Ma soprattutto abbiamo scelto di far sì che il libro terminasse con l’istituzione della Giornata della memoria come giornata di promozione di un’immagine non razzista e non antisemita dell’Europa, una giornata attraverso la quale l’Europa assume la memoria della Shoah a propria base etica. L’edizione originale francese invece finiva con un attentato antisemita di matrice islamica. Devo aggiungere che, rispetto a Israele, in Italia la storiografia è ancora molto indietro, in ritardo, ancora molto occupata dall’assimilazione e dai problemi identitari.

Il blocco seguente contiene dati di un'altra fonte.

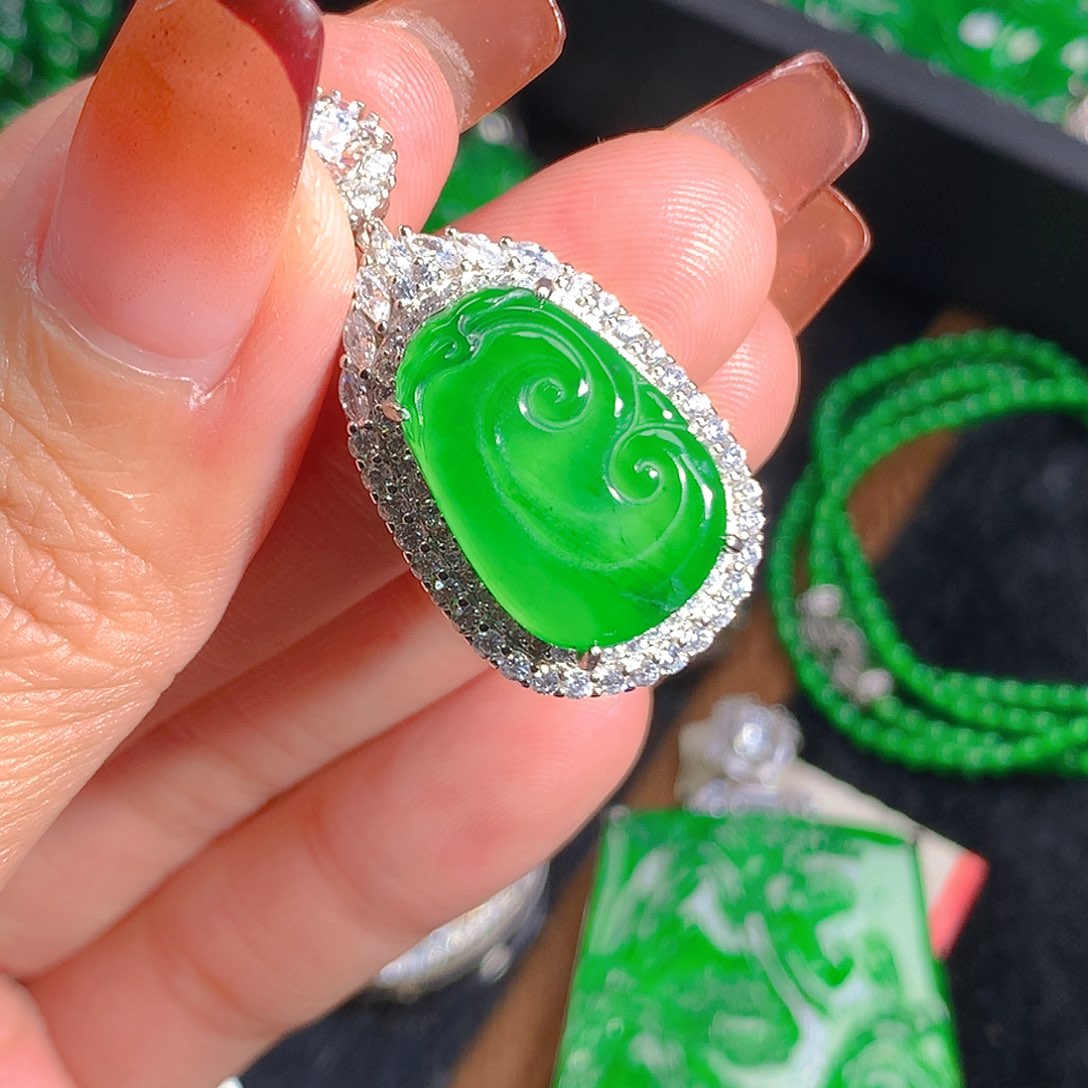 翡翠吊坠(不含链)未镶嵌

Effettivamente da Israele, nonostante il cupo clima politico dominante, si ergono voci di intellettuali e accademici che dimostrano una libertà di pensiero molto maggiore che in Italia, anche quando si parla di Shoah. Sempre in Israele, per esempio, già da anni si discute del rischio di diventare professionisti della memoria. Parlare di «shoah business», ossia degli investimenti di danaro intorno al ricordo dell’Olocausto è fondato, ma sembra che per affermarlo senza farsi spaventare dall’antisemitismo sia meglio detenere un passaporto israeliano. L’anno scorso ho intervistato Yishai Sarid, che nel suo libro, Il mostro della memoria, affronta proprio questi temi senza peli sulla lingua. Cosa ne pensi?
In Israele questo tipo di intellettuali sono una minoranza, ma restano l’intellighenzia del paese, mentre in Italia no. Cioè in Israele, la maggior parte dell’accademia e degli intellettuali in senso tradizionale, ovvero quelli che si aprono ai giornali, ai dibattiti politici, i grandi scrittori, ecc. hanno un ruolo, mentre in Italia non lo hanno più. Inoltre quando si trattano simili argomenti hanno tutti timore di apparire antisemiti.

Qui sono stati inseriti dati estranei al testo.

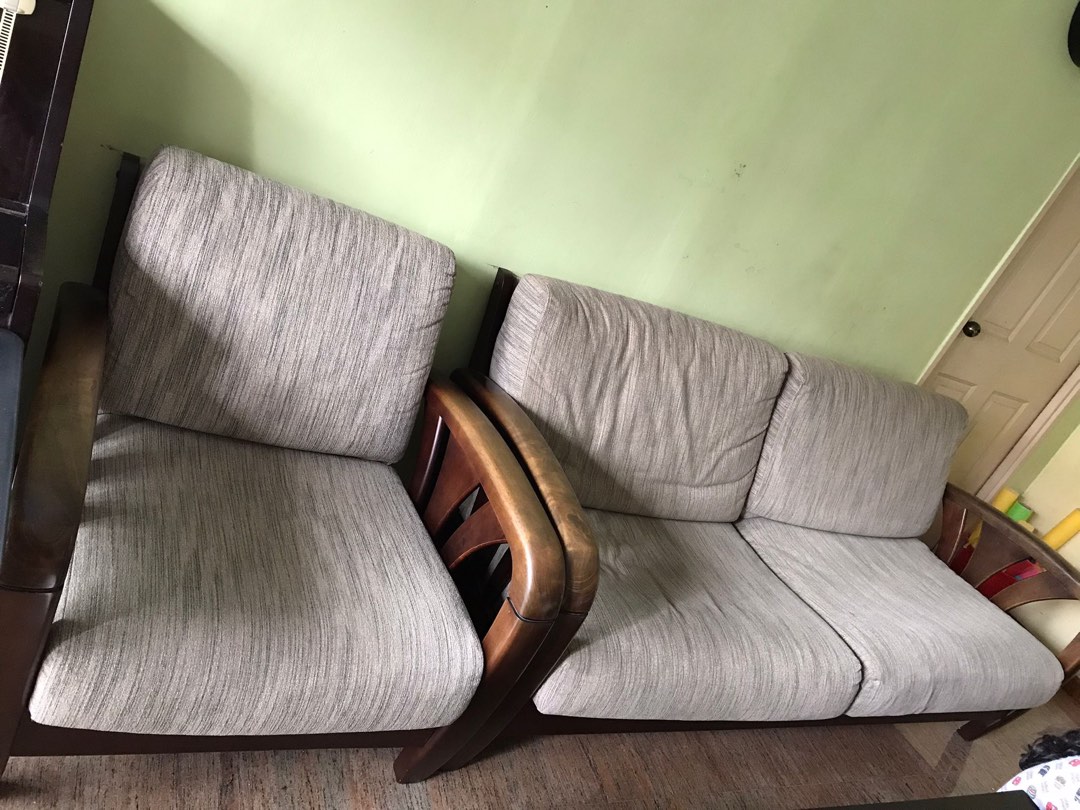 Used sofa set to sell, Furniture & Home Living, Furniture, Sofas on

Per questo noi, come intellettuali italiani, abbiamo bisogno che da Israele ci mandino un messaggio di libertà. Libertà di parlare, di osare, di collegare il passato con il presente, proprio perché se arriva da loro è in qualche modo legittimato. Personalmente quando ho l’occasione scrivo sempre della libertà di parola e del pluralismo israeliani, e penso: «Se dobbiamo essere tutti sionisti, perché poi quando viene una parola di libertà da Israele non la raccogliamo?» Inoltre, qui si ha spesso una visione monolitica di un Israele senza sfumature, quindi far passare un’immagine della grande varietà di opinioni nel Paese è di per sé un traguardo.

Con l’appoggio degli intellettuali israeliani si potrebbero organizzare delle discussioni e riflessioni, e non solo sulla Shoah, anche di carattere profondamente ebraico ma universalistico. E soprattutto indipendentemente dalle istituzioni ebraiche italiane, se queste non li ritengono abbastanza kosher. Insomma vorrei trasmettere agli intellettuali israeliani l’idea che adesso tocca a loro prendere in mano la palla, perché la diaspora potrà aiutarli a sua volta contro l’occupazione, ma solo se prima viene aiutata a riflettere. Il problema è che da tempo gli israeliani tendono ad andare per i fatti loro, trascurando la diaspora. Quest’ultima a sua volta, pur essendo subordinata, dal punto di vista intellettuale a Israele, non lo è di fatto ai suoi intellettuali, così che se anche tutti qui leggono i libri degli autori israeliani, i romanzi, alla fine la riflessione vera non la fanno.

Penso che le tue risposte, dalle quali trapela una certa tristezza, stimolino molte riflessioni. Vorrei farti un’ultima domanda in tema di identità. Tu, come me, provieni da una famiglia ebraica per parte di padre, e in età adulta hai scelto anche di convertirti formalmente all’ebraismo. Cosa pensi che oggi possa contribuire a determinare un’identità ebraica, su quali basi si poggia un’appartenenza nel complesso contesto che si è creato?
Guarda, quando penso all’identità ebraica mi ricordo sempre di uno studioso che sosteneva che gli ebrei tedeschi nel secondo Ottocento, a un certo punto si sono identificati come ebrei, non per la terra né per la religione, ma per la storia, perché avevano una storia da ebrei. E quando tu prima parlavi della Shoah e della famiglia Parenzo, mi è venuta in mente questa cosa. Ovvero, io sento molto che quello che mi ha portato all’ebraismo è la mia storia, il fatto di guardare indietro a quello che è successo, capendo che c’era una storia che non era diversa dall’altra grande storia, ma era comunque una storia con cui mi identificavo, la mia storia, che poi era la storia di tanti altri.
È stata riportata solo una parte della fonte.